The biggest example of this sexual silence in the church is the story of Esther. If you were raised in a church you’ve probably heard the story. Esther is a Jewish girl, gets pulled into a beauty contest, marries the king (happily ever after right? wrong), this guy decides to kill all the Jews her included, so she has this awesome opportunity to save her people as Queen of the Land, which she does in the end after much prayer, bravery, and partying.
I can’t tell you how many Judeo/Christian movies, cartoons, and coloring pages about Esther I’ve been exposed to in my life. They all leave out the most important Biblical point of this story.
The “beauty” contest, yeah, it was a SEX contest. Esther was crowned queen because she was good in bed.

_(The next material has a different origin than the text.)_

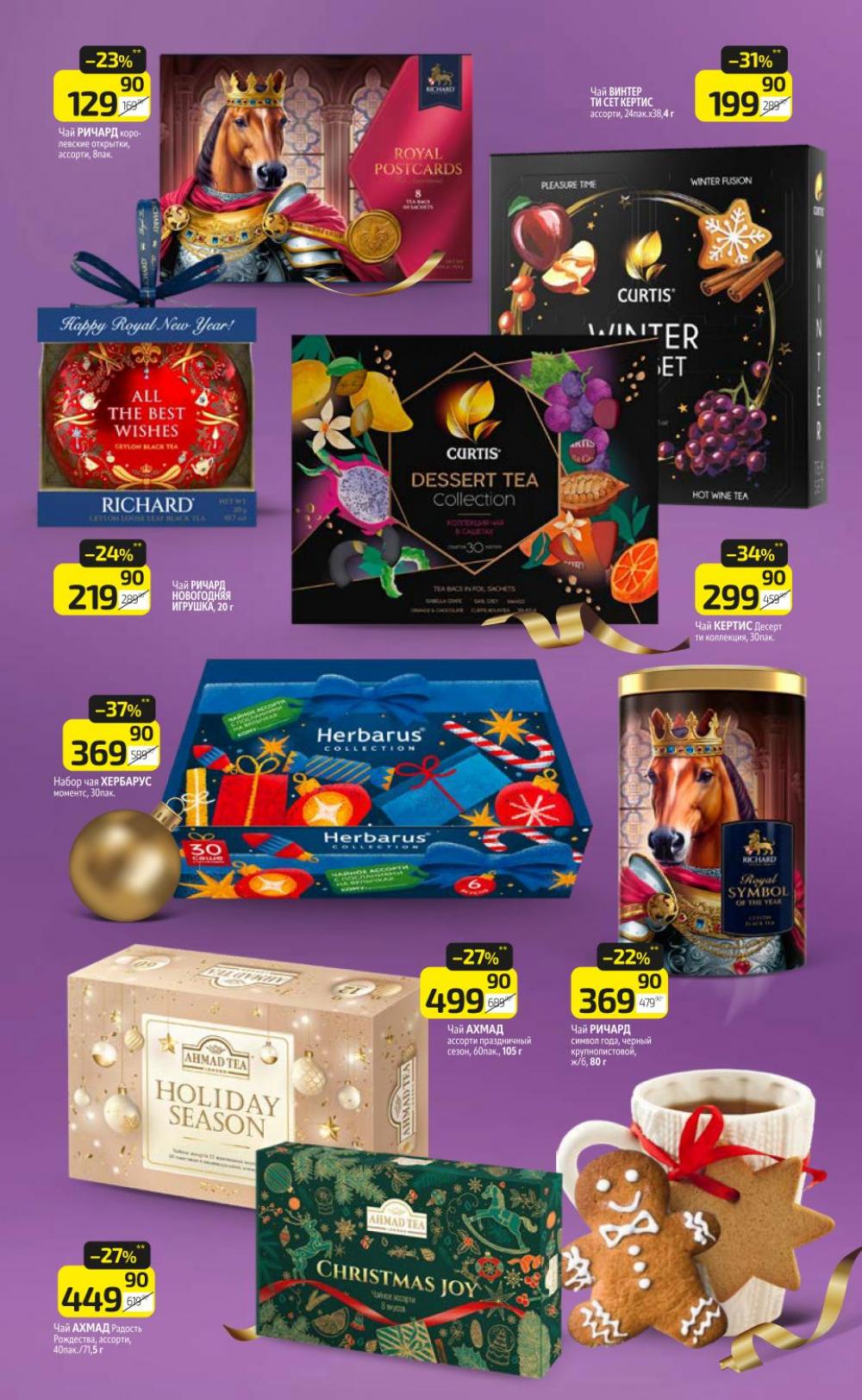 /diksi_katalog_v_moskve919 11 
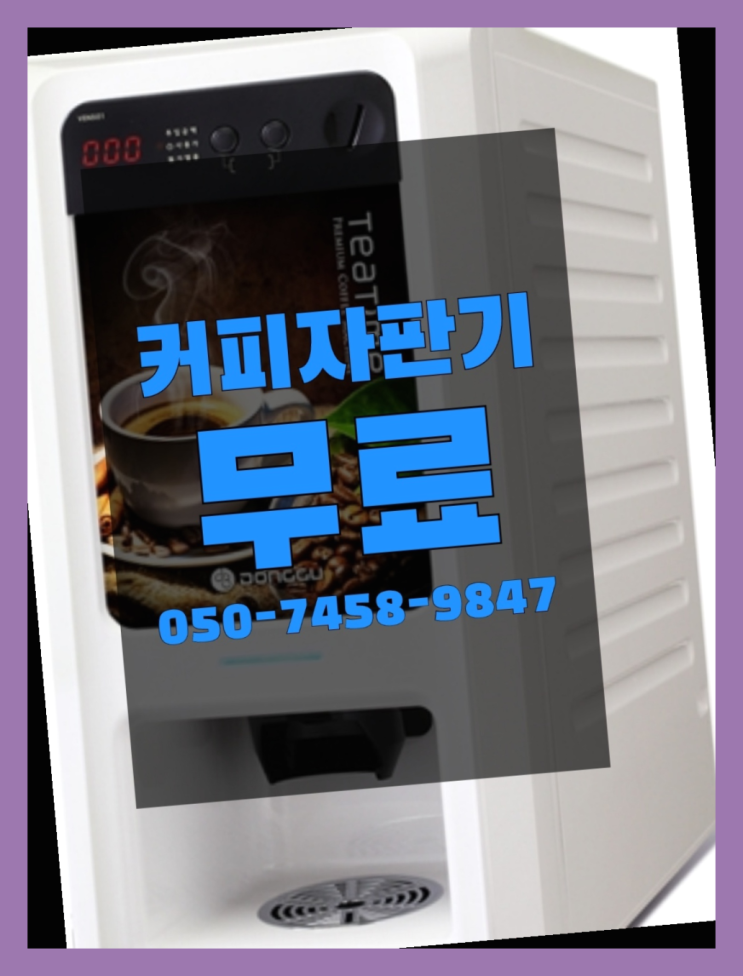  <자판기무료> 원두커피머신 올커벤  무료인 곳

I get it, try explaining THAT to a bunch of kindergarteners. It’s not going to fly. The sad thing is, because we over-tell these stories to our kids (leaving out the important parts), we stop reading them as adults. Not to mention that sex is so physical and intimate. But it gets better.
God LOVES sex. Not only did He make us to do it, He wrote the book on it. LITERALLY! It’s called the Song of Solomon or the Song of Songs. It was read allowed in service back in Jesus’ day. Now, it’s the most hidden book of the Bible. My parents guilted me into skipping it every time I read the Bible cover to cover until after I was married. (I still haven’t read it all the way through.)
People don’t like to think that sex and God go hand in hand. So we hide it. We just don’t talk about it. And people turn to other things other than accept that God is God of the physical as much as He is God of the spiritual. So to be a truly first-century church we need to bring sex back into the conversation.
Did I just blow your idea of God out of the water? If so, stop reading. You really won’t want to hear the rest of this.
Politics (the church kind)
“I can’t do that.” She responded when I told her the plan. We’d just spent fifteen minutes in conversation about how the Bylaws of our church did not specifically state women could NOT be deacons. The wording was just not as inclusive as some in the church would like it to be. So to make it inclusive a measure was brought up to change the wording of the bylaws from “men” to “men and women” (so that it was clear women were included). The church membership voted. The measure failed. Everyone was in shock. No one knew how to move forward. So I sat down with the head of the deacon election committee. If you don’t know what a deacon election committee is, it’s a group of people elected by the membership of the church to put forward names to be voted on by the membership for the office of deacon. In our denomination deacons are the people that run the church according to the bylaws of the church. Think biblical board of directors. Fifteen minutes into the conversation (i.e. complaint shock fest at the failing of the bylaw change) I’d proposed the following solution, “Why not only submit female candidates to the membership at the next meeting.”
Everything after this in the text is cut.